» **REQUIREMENT**
Using the material below, print a verbatim copy of every line from the one containing "ricardogonzalez666 online show" through the one containing "Autónomo revisando su", inclusive, and omit the pictures.

» **TASK DATA**
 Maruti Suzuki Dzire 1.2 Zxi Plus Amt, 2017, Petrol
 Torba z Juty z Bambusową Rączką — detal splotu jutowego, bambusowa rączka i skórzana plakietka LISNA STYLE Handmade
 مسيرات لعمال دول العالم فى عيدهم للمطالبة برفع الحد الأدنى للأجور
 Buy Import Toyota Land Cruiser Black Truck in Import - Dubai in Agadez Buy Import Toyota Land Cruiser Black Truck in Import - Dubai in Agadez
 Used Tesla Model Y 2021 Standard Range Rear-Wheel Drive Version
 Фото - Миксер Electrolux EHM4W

* * *

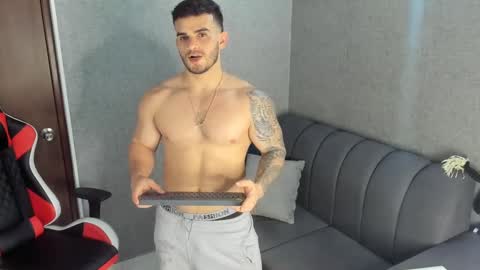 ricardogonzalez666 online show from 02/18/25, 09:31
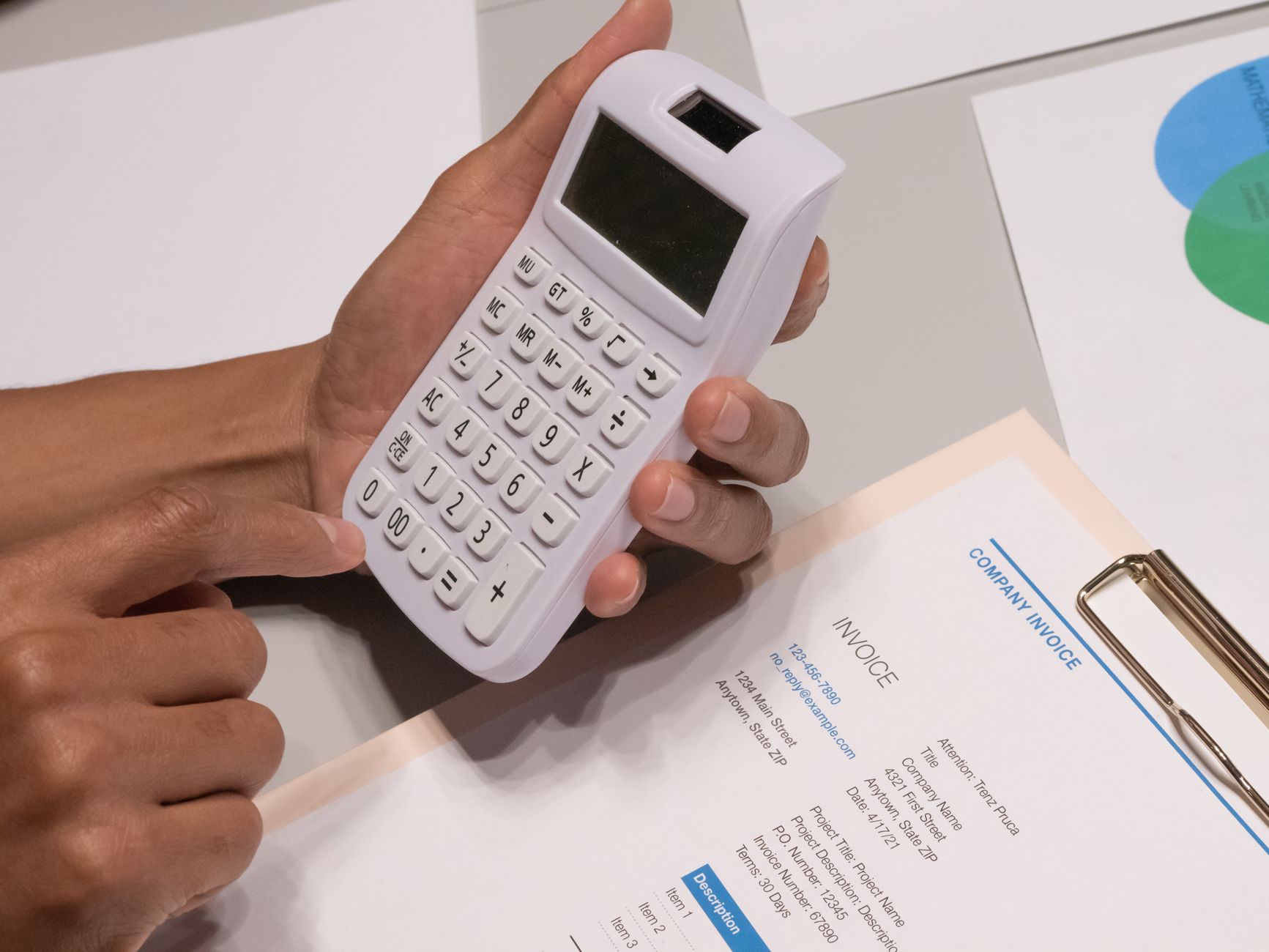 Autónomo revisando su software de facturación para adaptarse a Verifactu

» **RESULT FOR THIS EXERCISE**
 ricardogonzalez666 online show from 02/18/25, 09:31
 Autónomo revisando su software de facturación para adaptarse a Verifactu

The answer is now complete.